- Panoramic view of Samnangjin
- Samnangjin Location within South Korea
- Coordinates: 35°23′42″N 128°50′18″E﻿ / ﻿35.39500°N 128.83833°E
- Country: South Korea

Area
- • Total: 78.31 km^{2} (30.24 sq mi)

Population (2020)
- • Total: 6,682

Korean name
- Hangul: 삼랑진읍
- Hanja: 三浪津邑
- RR: Samnangjin-eup
- MR: Samnangjin-ŭp

= Samnangjin =

Samnangjin is an eup, or town, in Miryang City, Gyeongsangnam-do, South Korea. It is composed of thirteen legal ri. Samnangjin lies in the southeastern corner of Miryang, bordering Wondong-myeon in Yangsan City.

The Gyeongbu Line railroad passes through Samnangjin, and Mugunghwa-ho class passenger trains frequently stop at Samnangjin station. The northern tip of the Gyeongjeon Line also lies with Samnangjin, but there are no stations along that portion of the line.

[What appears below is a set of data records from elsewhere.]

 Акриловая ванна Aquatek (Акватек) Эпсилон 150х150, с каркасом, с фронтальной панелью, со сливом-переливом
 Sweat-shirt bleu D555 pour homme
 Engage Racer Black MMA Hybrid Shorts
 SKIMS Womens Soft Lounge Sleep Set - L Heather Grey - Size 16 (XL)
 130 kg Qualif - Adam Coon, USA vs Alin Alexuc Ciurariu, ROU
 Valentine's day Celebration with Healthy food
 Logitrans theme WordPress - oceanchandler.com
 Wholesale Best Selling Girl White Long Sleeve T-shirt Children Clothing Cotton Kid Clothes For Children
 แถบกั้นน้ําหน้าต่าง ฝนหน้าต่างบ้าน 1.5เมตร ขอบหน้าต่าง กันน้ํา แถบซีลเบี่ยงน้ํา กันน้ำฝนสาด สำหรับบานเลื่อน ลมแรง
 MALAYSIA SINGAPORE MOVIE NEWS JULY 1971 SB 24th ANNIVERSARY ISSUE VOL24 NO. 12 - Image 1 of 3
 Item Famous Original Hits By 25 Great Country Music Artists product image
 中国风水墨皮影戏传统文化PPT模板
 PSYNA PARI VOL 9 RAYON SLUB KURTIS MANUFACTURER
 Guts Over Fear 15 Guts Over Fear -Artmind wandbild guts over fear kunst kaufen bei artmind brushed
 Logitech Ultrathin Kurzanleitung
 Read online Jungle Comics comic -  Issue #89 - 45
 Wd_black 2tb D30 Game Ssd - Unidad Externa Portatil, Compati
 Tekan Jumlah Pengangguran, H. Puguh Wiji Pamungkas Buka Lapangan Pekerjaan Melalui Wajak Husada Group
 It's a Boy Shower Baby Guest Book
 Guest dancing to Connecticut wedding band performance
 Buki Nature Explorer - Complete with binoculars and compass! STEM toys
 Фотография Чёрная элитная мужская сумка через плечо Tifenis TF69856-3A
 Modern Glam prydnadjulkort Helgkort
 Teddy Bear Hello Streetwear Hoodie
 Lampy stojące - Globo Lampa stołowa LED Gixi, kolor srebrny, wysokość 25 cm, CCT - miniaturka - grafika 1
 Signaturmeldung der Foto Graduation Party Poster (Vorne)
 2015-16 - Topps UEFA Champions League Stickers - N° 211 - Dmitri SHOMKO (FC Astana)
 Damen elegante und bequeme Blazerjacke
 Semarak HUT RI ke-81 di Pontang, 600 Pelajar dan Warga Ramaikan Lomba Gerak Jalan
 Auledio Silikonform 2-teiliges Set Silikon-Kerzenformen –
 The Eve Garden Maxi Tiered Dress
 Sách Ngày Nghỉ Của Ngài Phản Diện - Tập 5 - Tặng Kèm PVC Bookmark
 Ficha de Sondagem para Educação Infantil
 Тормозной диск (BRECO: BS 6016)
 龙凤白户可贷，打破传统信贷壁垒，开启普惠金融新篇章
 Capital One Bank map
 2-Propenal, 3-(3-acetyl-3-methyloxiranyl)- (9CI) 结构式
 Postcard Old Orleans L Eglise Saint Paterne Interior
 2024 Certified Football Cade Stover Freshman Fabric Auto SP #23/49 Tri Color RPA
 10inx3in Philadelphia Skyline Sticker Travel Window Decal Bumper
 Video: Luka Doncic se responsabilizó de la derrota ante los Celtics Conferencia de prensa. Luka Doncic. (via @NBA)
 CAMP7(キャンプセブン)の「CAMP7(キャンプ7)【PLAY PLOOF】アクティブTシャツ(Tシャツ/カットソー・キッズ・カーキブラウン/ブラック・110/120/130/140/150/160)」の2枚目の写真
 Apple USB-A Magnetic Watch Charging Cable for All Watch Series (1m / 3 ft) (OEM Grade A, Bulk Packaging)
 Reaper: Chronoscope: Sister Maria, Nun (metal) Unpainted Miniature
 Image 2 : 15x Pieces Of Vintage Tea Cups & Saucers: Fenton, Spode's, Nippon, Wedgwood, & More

Samnangjin lies at the confluence of Nakdong River and its tributary the Miryang River. Its name refers to the three streams formed by the confluence (the Nakdong above the confluence, the Miryang, and the Nakdong below the confluence). Much of the land in Samnangjin lies along the eastern valleys of the Miryang and the Nakdong, which also form the western border of the eup. Notable mountains on the borders of Samnangjin include Cheontaesan to the south and Maneosan to the north.

Much of the agriculture in Samnangjin is focused on livestock, particularly beef cattle.

The Miryang campus of Pusan National University is located in Samnangjin's Cheonghak-ri.